Emily Chang is a journalist and weekly anchor of Bloomberg BusinessWeek, and the author of “Brotopia: Breaking Up the Boys Club of Silicon Valley.” Recently, she penned an article there about an old (in tech terms) digital artifact by the name of Lena Soderberg. Lena first became famous in November 1972 when, as Lenna Sjooblom, she was featured as a centerfold in Playboy magazine. That spread might have been the end of it but for the fact that researchers at the Univ. of Southern California computer lab were busy trying to digitize physical photographs into what would eventually become the JPEG (or .jpg) format we all know from Internet images today.
According to the lab’s co-founder, William Pratt, now 80, the group chose Lena’s portrait from a copy of Playboy brought to the lab by a student. The team needed to test their photo-digitization algorithms on suitable photos for compressing large image files so they could be digitally transferred between devices.
Apparently their search led them to Lena, the 21 year old Swedish centerfold. Go figure.
Lena ended up becoming famous in early engineering circles, and some refer to her as “the first lady of the Internet.” Others see her as Silicon Valley’s original sin – the larger point of Ms. Chang’s article – but that’s a topic for another post.
Apparently, Lena’s photo was attractive from a technical perspective because the photo included, according to Pratt, “lots of high frequency detail that is difficult to code.” That would include apparently her boots, boa and feathered hat.
According to Ms.
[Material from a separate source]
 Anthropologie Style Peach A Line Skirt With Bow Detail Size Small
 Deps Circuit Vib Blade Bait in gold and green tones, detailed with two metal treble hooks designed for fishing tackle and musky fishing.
Chang, for the next 45 years, Lena’s photo (seen at the top of this post), featuring her face and bare shoulder, served as “the benchmark for image processing quality for the teams working on Apple Inc.’s iPhone camera, Google Images, and pretty much every other tech product having anything to do with photos.”
To this day engineers joke that if you want your image compression algorithm to make the grade, it had better perform well on Lena.
So to a lot of male engineers, Lena thus became an amusing historical footnote. But to their female peers, it was seen as “just alienating.” And it has a lot to do with some of the inborn gender biases that permeate the tech industry to this day, where the majority of employees are still male.